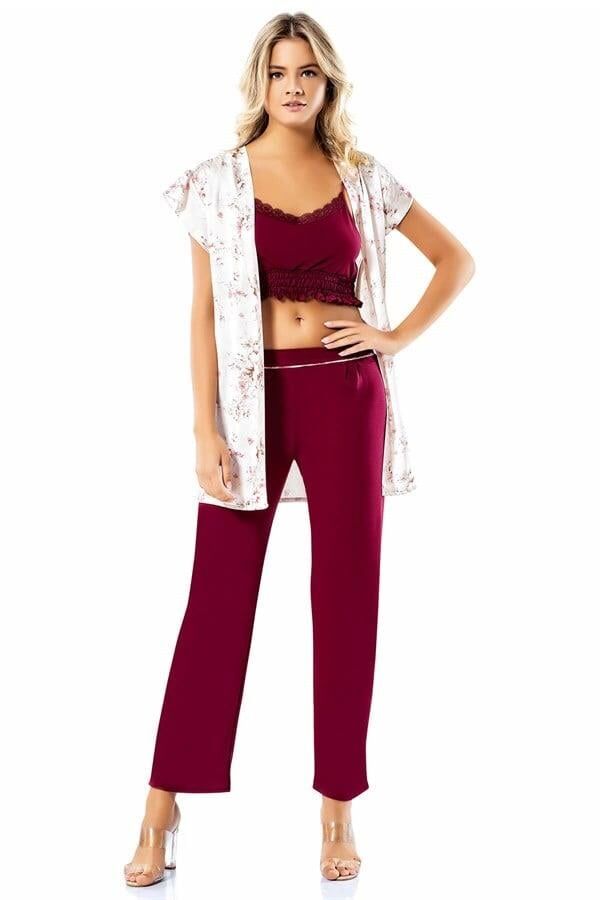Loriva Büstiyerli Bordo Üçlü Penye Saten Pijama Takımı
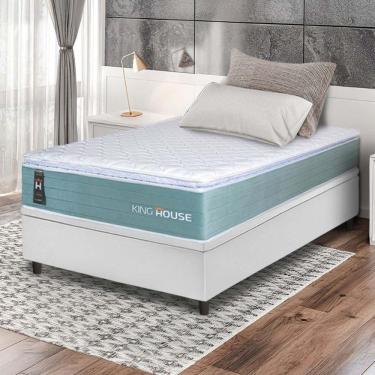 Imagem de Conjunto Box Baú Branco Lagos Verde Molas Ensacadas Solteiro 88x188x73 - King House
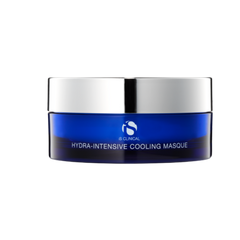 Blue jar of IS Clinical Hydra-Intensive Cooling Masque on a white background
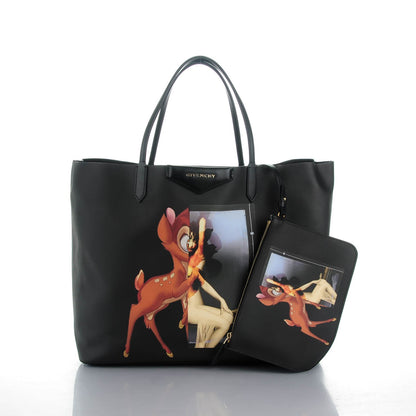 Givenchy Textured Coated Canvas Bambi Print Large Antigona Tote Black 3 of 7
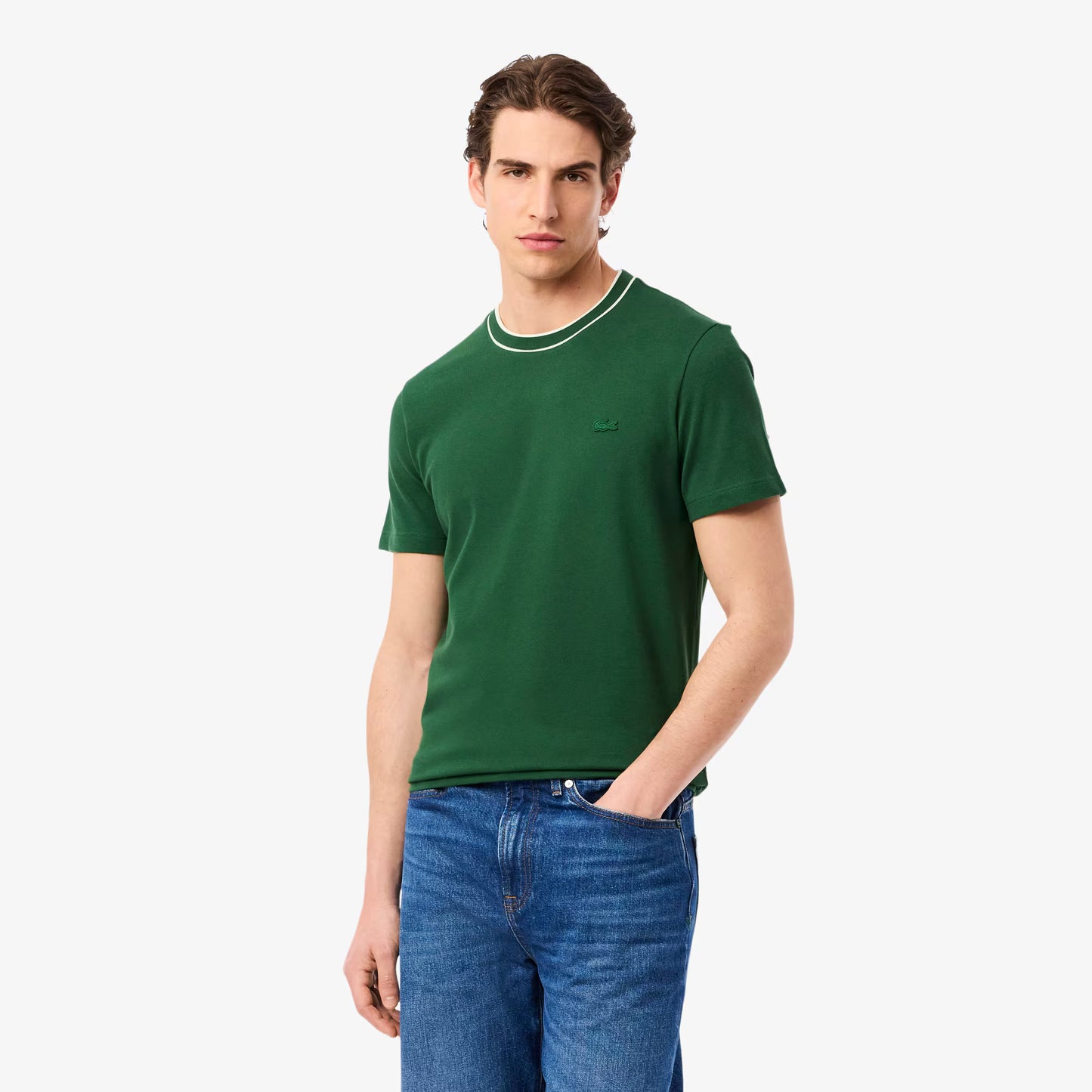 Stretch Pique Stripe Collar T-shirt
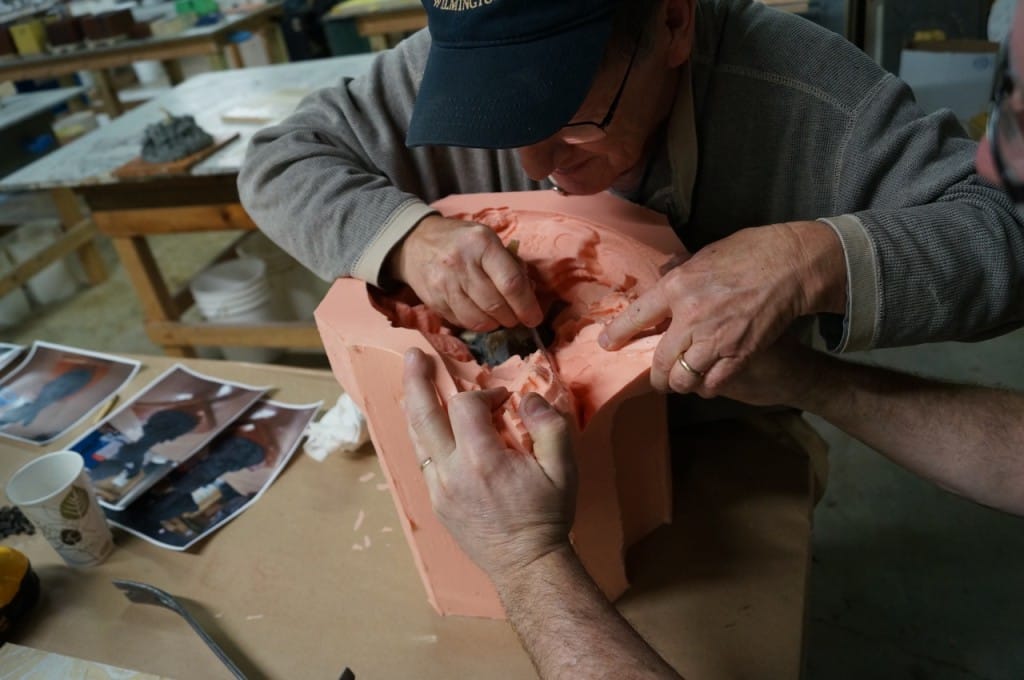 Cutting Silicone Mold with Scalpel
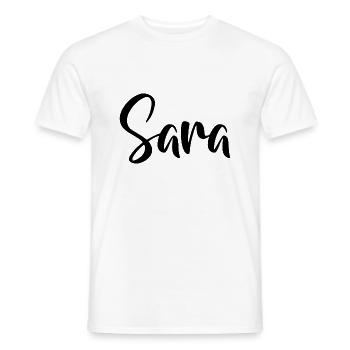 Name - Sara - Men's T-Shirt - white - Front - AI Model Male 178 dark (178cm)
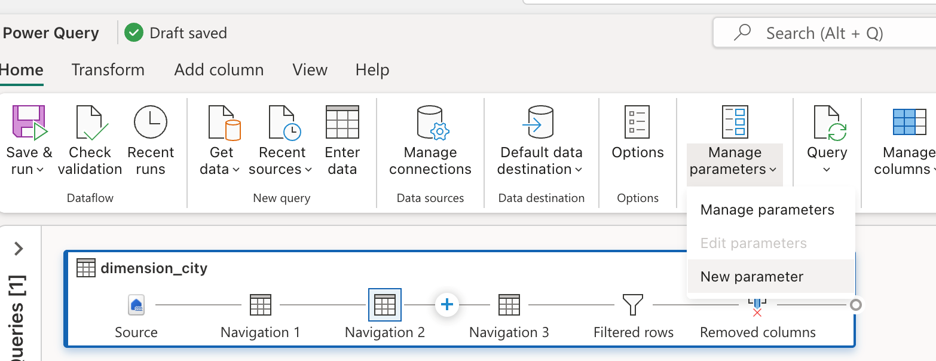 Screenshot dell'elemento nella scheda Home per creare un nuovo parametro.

## DESCRIPTION OF THE TASK
Copy out every entry above exactly. Leave the pictures out.

## RESULT FOR THIS EXERCISE
Loriva Büstiyerli Bordo Üçlü Penye Saten Pijama Takımı
 Imagem de Conjunto Box Baú Branco Lagos Verde Molas Ensacadas Solteiro 88x188x73 - King House
 Blue jar of IS Clinical Hydra-Intensive Cooling Masque on a white background
 Givenchy Textured Coated Canvas Bambi Print Large Antigona Tote Black 3 of 7
 Stretch Pique Stripe Collar T-shirt
 Cutting Silicone Mold with Scalpel
 Name - Sara - Men's T-Shirt - white - Front - AI Model Male 178 dark (178cm)
 Screenshot dell'elemento nella scheda Home per creare un nuovo parametro.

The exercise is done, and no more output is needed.